[Publications] [Software Engineering Research Group] [Department of Computer Science] [University of British Columbia]
Analyzing Exception Flow in Java Programs
Martin P. Robillard and Gail C. Murphy
In O. Nierstrasz and M. Lemoine, editors, Software
Engineering---ESEC/FSE'99, (Proceedings of the 7th European
Software Engineering Conference and 7th ACM SIGSOFT Symposium on the
Foundations of Software Engineering; Toulouse, France;
6--10 September 1999), volume 1687 of Lecture Notes in
Computer Science, pages 322-337. Springer, 1999.
Copyright Springer-Verlag. LNCS Series homepage.
Abstract
Exception handling mechanisms provided by programming languages are
intended to ease the difficulty of developing robust software systems.
Using these mechanisms, a software developer can describe the
exceptional conditions a module might raise, and the response of the
module to exceptional conditions that may occur as it is executing.
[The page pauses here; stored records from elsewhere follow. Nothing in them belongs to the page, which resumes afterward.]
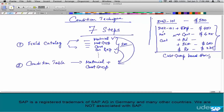Very simple, isn't it? The field catalog is a list of fields. The condition table is a subset of the fields from the field catalog — a small subset which will basically comprise of the required fields for that particular scenario. In this scenario, we're just using two fields: material and customer group.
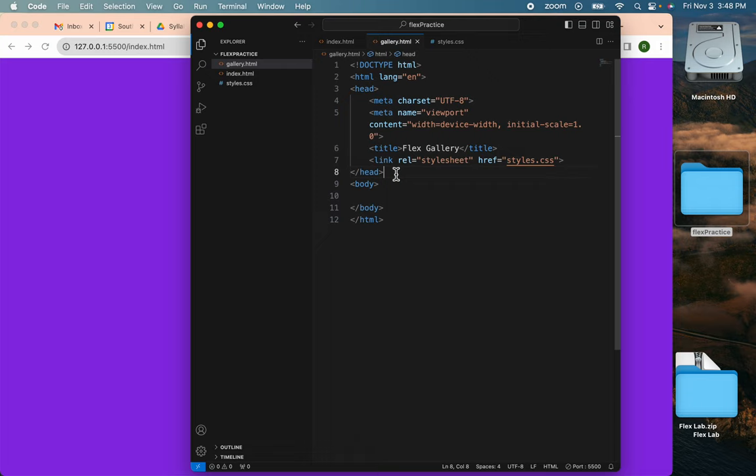All right. That's getting started. The next video, we'll put in our HTML5 tags and get moving on the navigation.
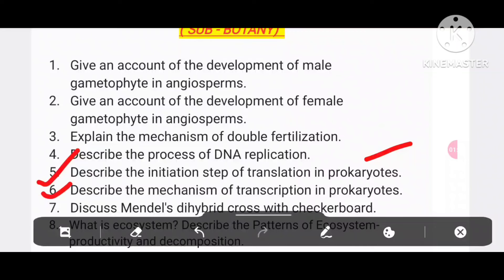And number 6: describe the mechanism of transcription in prokaryotes. These are the most important long questions.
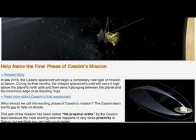NASA and Cassini looking for our help naming the final aspect of Cassini's mission, specifically the proximal orbit maneuvers.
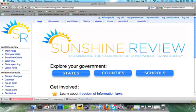Hi, this is Kristenpedia with Sunshine Review's free tutorial series, and in this tutorial we're going to discuss the edit tabs that are at the top of every wiki.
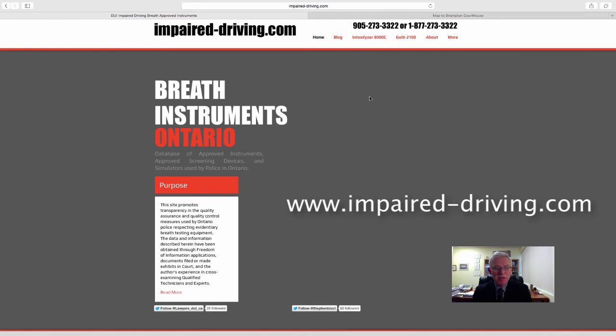This website contains a great deal of information about the use of approved breath instruments and accessory equipment.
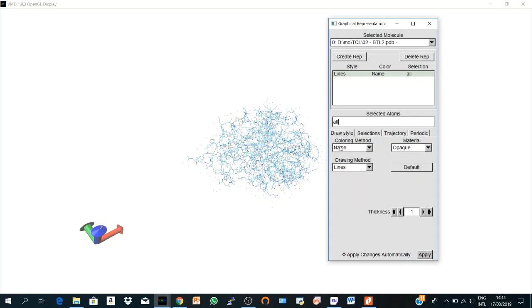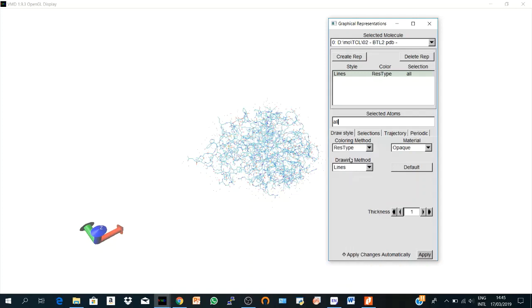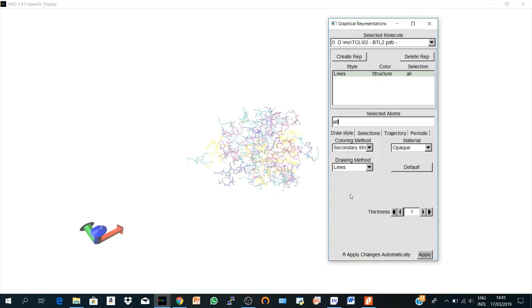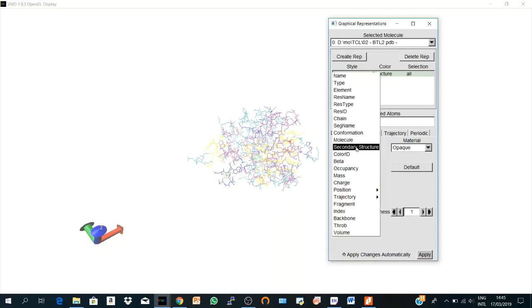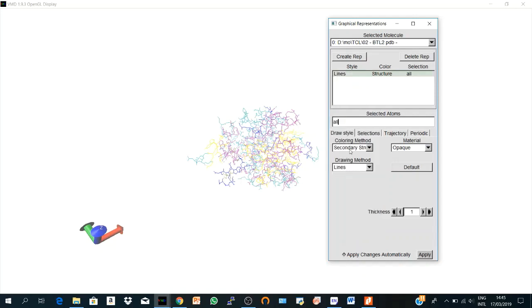And here we have a coloring method. So now it's by name. It could be colored by res type, polar, non-polar, etc. It could be colored by secondary structure, and you can choose so many coloring methods. So let's keep it secondary structure.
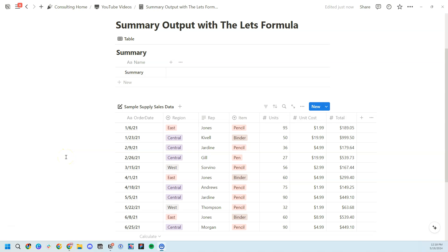Welcome back to another video with Notion Workflow. In today's video, I'm going to be sharing how to create a simple summary output using a Notion formula and the let's formula function.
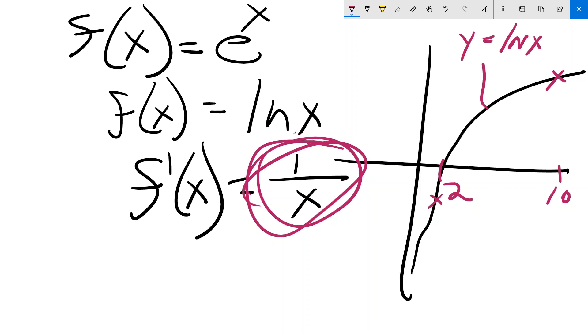Even though some common elementary functions have other common elementary functions as their derivatives — there's a beauty in that — the best thing you can do is just memorize them. It helps to understand also, but what I've found with differential calculus is if you really focus your energy on memorizing, eventually the understanding comes. Memorize first, even if you don't understand — you will at some point.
Creating a robust system from such a localized view requires a
developer to reason about the flow of exceptions across modules. The
use of unchecked exceptions, and in object-oriented languages,
subsumption, makes it difficult for a software developer to perform
this reasoning manually. In this paper, we describe a tool called Jex
that analyzes the flow of exceptions in Java code to produce views of
the exception structure. We demonstrate how Jex can help a developer
identify program points where exceptions are caught accidentally,
where there is an opportunity to add finer-grained recovery code, and
where error-handling policies are not being followed.